Aim of the task
Repeat only the lines below from the one that contains "Building Photo - 3538 N Ocean Shore Blvd" through the final line, exactly. Omit pictures.

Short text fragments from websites
BEGIN
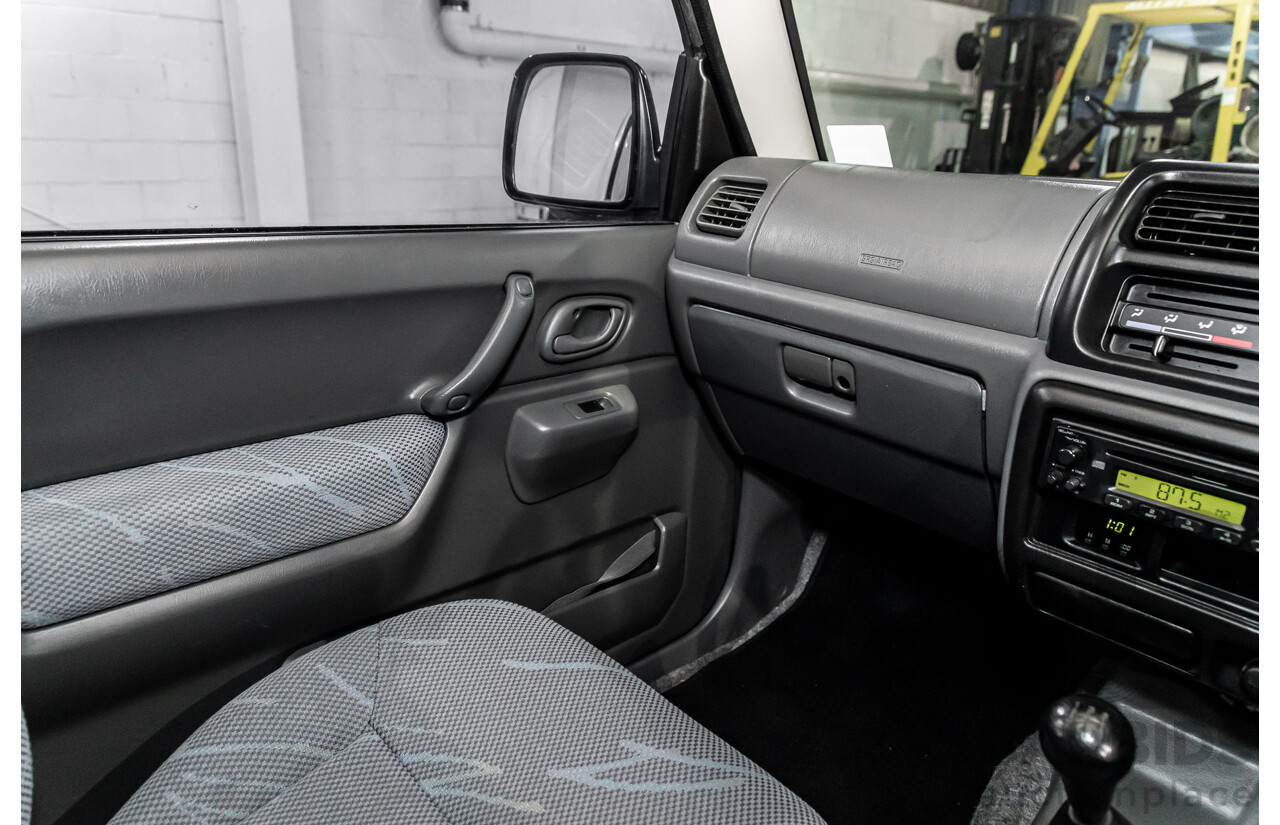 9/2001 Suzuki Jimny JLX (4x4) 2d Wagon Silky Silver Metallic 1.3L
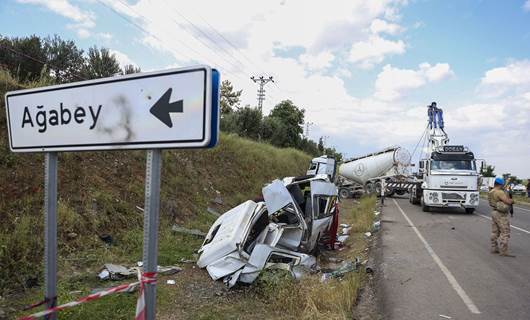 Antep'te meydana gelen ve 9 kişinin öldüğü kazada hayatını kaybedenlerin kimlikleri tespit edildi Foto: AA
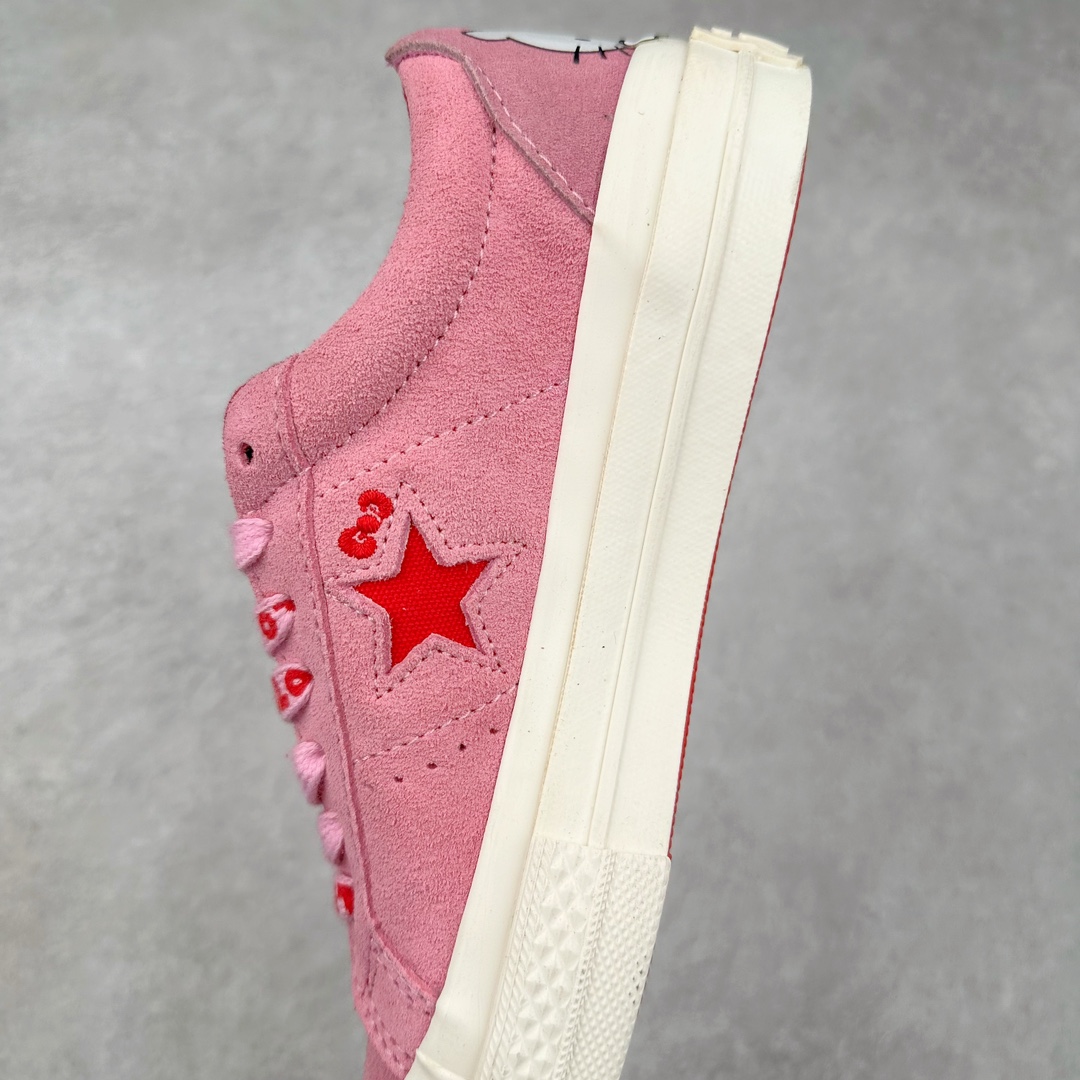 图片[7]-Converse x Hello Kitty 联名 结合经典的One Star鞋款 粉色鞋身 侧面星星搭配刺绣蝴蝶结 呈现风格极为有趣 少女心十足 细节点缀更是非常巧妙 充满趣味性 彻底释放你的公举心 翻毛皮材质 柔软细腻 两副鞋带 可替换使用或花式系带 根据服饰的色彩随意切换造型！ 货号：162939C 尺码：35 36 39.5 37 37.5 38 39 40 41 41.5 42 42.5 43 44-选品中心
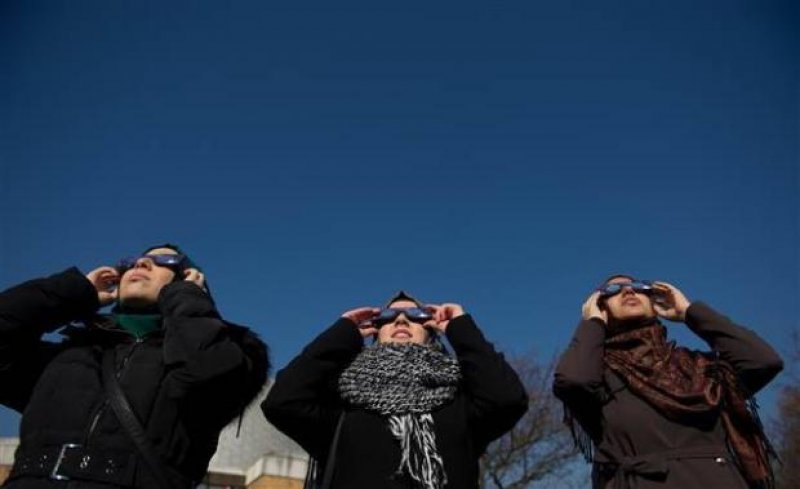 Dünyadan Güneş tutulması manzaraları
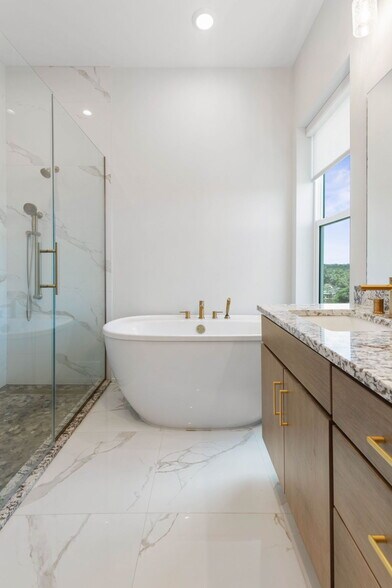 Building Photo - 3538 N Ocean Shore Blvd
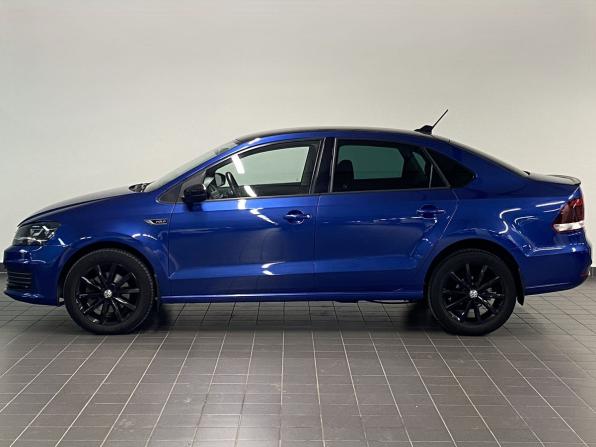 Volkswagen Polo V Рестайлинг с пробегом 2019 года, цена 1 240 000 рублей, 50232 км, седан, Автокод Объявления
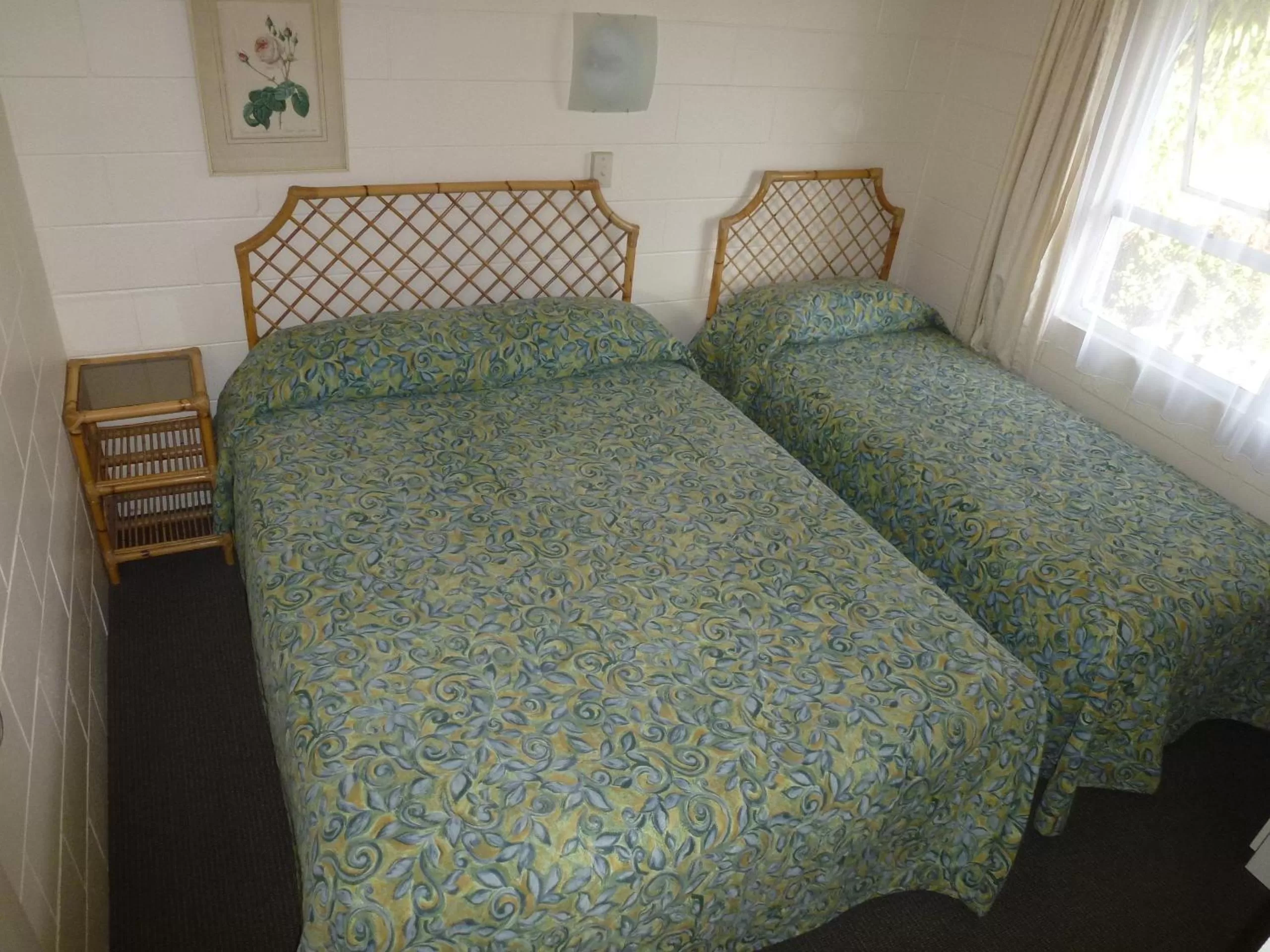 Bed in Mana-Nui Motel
END
Reply
 Building Photo - 3538 N Ocean Shore Blvd
 Volkswagen Polo V Рестайлинг с пробегом 2019 года, цена 1 240 000 рублей, 50232 км, седан, Автокод Объявления
 Bed in Mana-Nui Motel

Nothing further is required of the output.